EXERCISE REQUIREMENTS: Pick out each line of the records in which the word "photo" appears.

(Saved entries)

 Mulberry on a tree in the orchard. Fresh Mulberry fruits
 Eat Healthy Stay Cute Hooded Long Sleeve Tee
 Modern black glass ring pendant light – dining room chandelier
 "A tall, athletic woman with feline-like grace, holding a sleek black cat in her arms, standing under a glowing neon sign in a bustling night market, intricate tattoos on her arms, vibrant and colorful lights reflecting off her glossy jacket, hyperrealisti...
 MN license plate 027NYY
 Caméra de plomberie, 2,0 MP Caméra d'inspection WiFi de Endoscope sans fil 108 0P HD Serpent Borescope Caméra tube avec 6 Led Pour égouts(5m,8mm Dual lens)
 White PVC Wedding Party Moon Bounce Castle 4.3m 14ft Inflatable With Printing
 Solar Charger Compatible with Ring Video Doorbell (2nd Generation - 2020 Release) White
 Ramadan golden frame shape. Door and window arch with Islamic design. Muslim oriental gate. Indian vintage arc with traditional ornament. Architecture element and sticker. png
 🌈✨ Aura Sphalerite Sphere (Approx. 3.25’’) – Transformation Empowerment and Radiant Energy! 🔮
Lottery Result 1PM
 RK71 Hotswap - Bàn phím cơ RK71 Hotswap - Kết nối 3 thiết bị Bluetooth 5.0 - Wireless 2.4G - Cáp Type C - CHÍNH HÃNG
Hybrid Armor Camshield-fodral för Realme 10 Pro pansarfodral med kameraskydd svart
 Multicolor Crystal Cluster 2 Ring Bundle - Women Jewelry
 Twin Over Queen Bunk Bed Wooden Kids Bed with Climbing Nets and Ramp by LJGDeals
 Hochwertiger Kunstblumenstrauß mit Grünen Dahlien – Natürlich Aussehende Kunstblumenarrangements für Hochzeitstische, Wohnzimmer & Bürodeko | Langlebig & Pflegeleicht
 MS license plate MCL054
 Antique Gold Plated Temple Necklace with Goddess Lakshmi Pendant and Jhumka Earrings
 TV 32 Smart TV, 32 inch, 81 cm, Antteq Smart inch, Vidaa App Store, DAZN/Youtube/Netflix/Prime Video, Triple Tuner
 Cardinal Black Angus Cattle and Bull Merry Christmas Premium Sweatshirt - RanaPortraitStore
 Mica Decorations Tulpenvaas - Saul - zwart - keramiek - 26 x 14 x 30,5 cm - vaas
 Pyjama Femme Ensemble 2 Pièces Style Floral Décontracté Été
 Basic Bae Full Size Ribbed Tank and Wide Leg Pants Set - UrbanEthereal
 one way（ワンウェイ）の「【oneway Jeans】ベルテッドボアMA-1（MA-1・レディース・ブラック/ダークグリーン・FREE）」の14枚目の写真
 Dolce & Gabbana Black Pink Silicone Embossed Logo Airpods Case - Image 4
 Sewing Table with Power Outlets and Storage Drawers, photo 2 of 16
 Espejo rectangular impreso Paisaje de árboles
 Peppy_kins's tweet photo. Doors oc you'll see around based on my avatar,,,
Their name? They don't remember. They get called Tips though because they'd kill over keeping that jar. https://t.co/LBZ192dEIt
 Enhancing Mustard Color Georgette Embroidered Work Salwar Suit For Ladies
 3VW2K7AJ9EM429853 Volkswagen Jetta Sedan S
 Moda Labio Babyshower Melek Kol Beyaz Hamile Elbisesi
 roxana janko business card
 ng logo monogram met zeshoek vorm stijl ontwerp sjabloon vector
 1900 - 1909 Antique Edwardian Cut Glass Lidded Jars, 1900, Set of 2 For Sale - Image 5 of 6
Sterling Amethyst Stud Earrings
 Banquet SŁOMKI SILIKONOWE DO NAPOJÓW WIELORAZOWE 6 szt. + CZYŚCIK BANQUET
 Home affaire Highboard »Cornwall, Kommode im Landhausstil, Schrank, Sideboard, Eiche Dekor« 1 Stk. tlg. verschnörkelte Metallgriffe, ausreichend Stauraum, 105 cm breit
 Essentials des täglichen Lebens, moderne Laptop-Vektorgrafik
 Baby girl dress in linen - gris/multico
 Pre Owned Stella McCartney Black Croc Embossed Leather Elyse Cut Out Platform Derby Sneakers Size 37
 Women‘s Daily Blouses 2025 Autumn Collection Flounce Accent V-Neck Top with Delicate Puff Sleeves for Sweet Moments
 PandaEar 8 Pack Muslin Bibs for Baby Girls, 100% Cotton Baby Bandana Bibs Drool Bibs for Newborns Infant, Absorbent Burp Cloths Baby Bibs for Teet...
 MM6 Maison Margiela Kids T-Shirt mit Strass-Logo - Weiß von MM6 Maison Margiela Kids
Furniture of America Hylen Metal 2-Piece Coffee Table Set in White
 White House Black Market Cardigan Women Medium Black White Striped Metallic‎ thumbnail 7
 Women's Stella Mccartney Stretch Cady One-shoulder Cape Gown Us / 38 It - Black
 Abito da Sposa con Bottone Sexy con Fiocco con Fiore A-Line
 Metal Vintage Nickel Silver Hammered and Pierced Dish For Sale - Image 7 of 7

OUTPUT FOR THIS EXERCISE:
 Sewing Table with Power Outlets and Storage Drawers, photo 2 of 16
 Peppy_kins's tweet photo. Doors oc you'll see around based on my avatar,,,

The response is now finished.